(Task brief)
Copy nothing but the lines from the opening of the entries through the line that contains "Third 2026/27 Maglia", exactly as written. Drop the pictures.

Caption-style text data:
--------------------------------
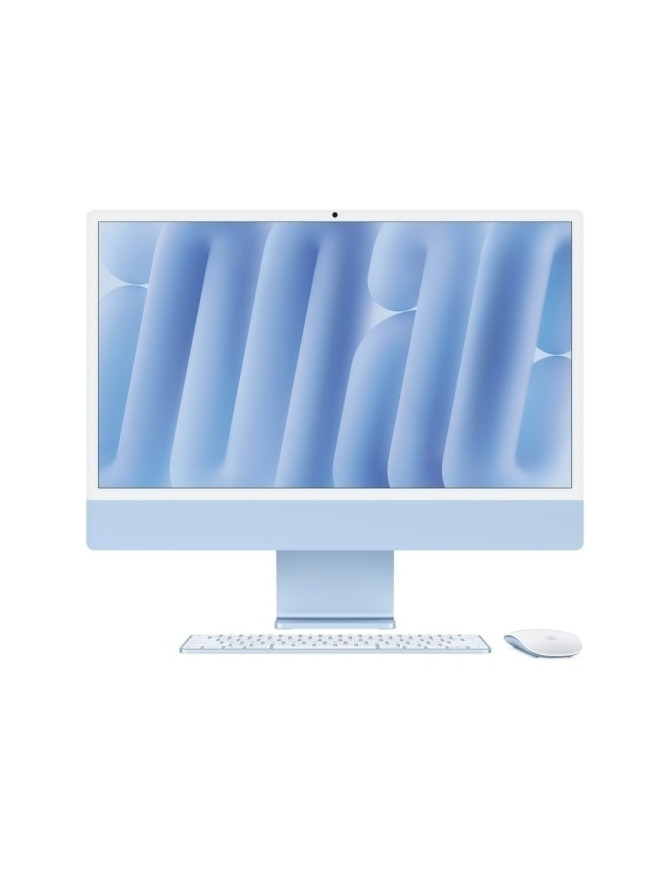 All-In-One Apple iMac 4.5K Retina (2024) AIO Z1EQ001YX, Apple M4 Deca Core, 24 inch, RAM 32GB, SSD 512GB, Apple M4 10 core, macO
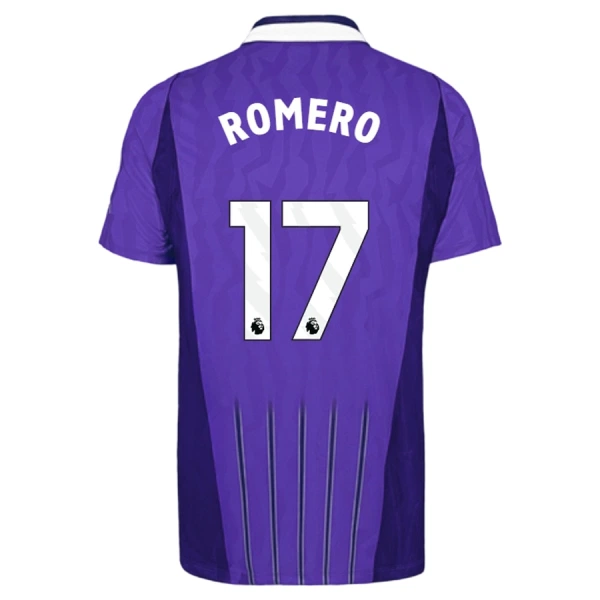 Maglia Tottenham Hotspur Cristian Romero 17 Gara Third 2026/27 Maglia Tottenham Hotspur Cristian Romero 17 Gara Third 2026/27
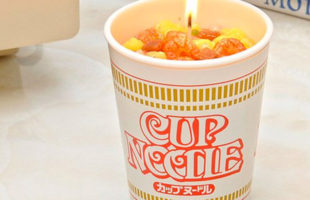 Instant Ramen Enthusiasts Will Love The Cup Noodle Candle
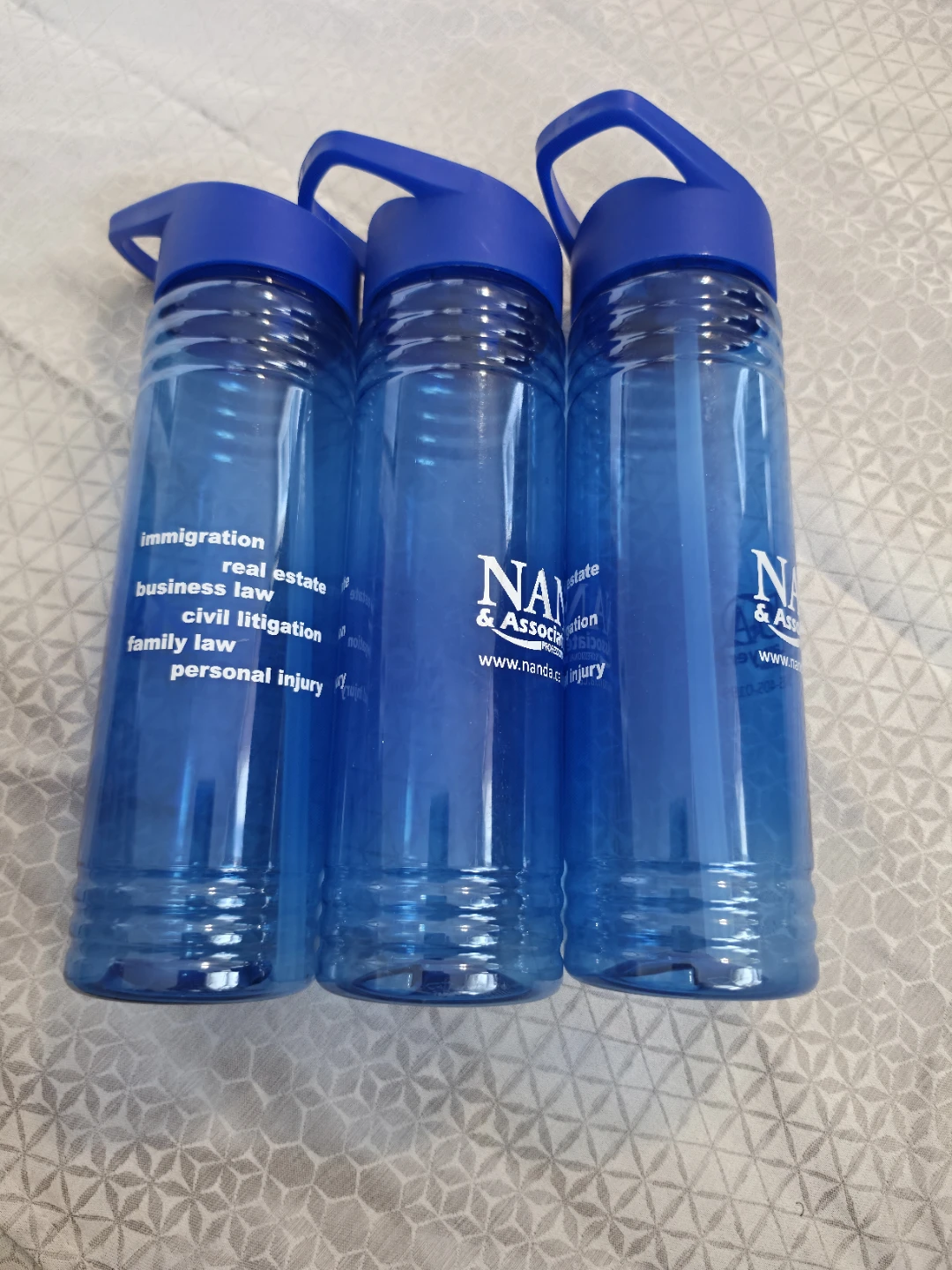Set of 5 Water Bottles - photo 3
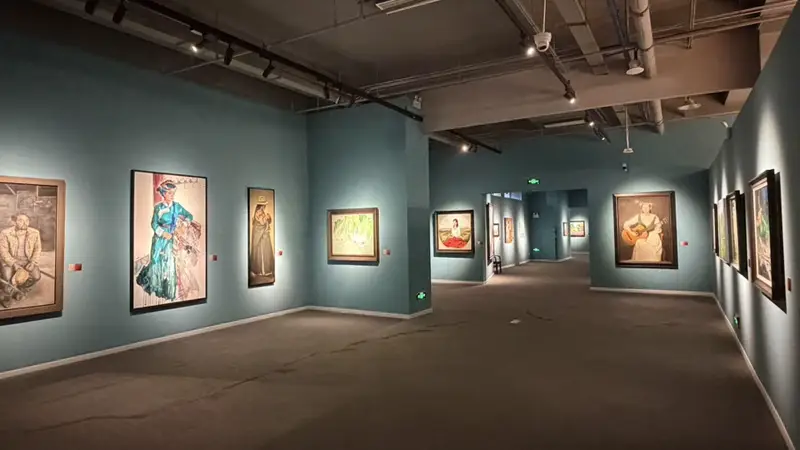 外来画种如何说“中国话”?观此展可感受中国油画跨越百年的精神脉络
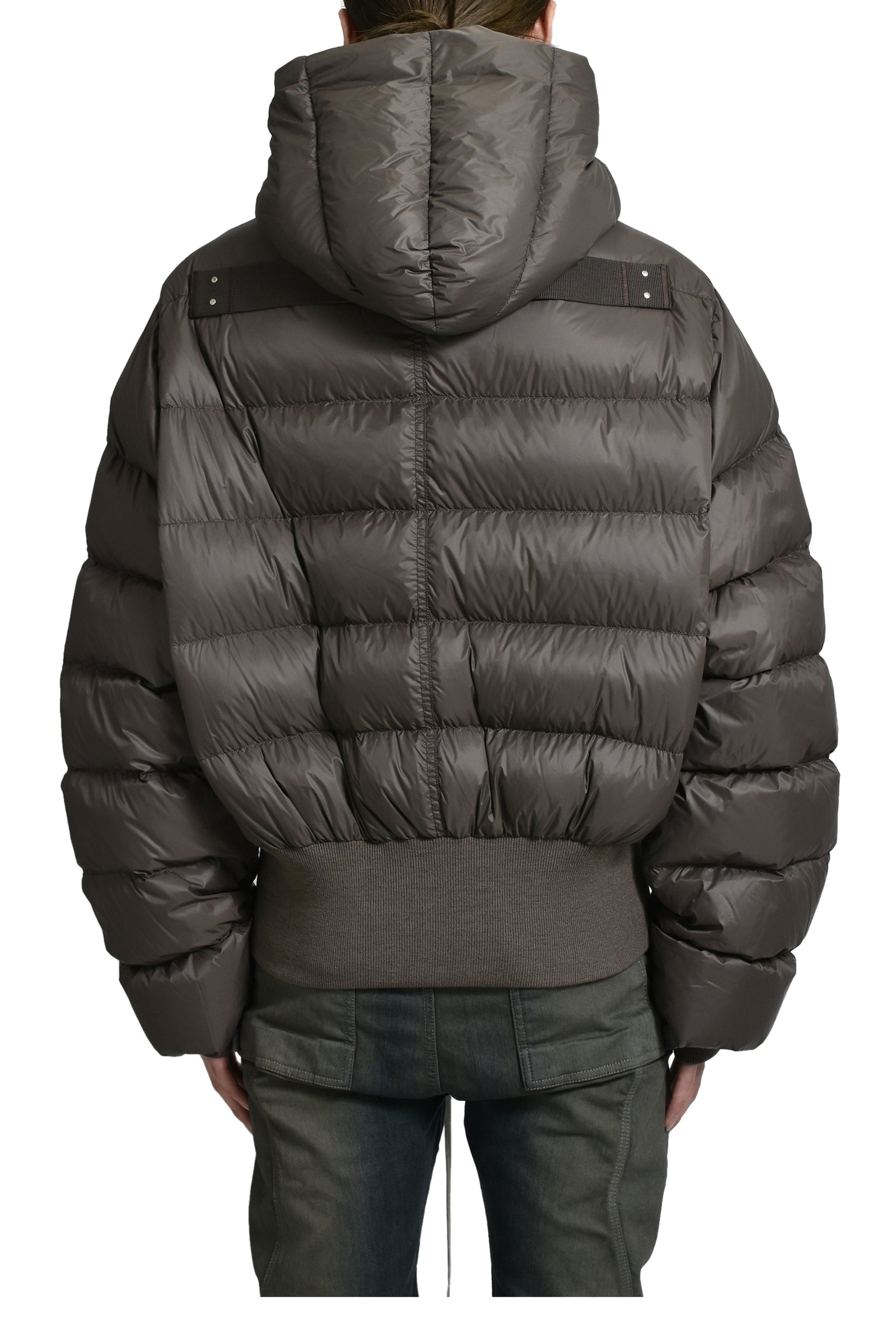 HOODED JKT / DRKDUST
--------------------------------
(Written solution)
 All-In-One Apple iMac 4.5K Retina (2024) AIO Z1EQ001YX, Apple M4 Deca Core, 24 inch, RAM 32GB, SSD 512GB, Apple M4 10 core, macO
 Maglia Tottenham Hotspur Cristian Romero 17 Gara Third 2026/27 Maglia Tottenham Hotspur Cristian Romero 17 Gara Third 2026/27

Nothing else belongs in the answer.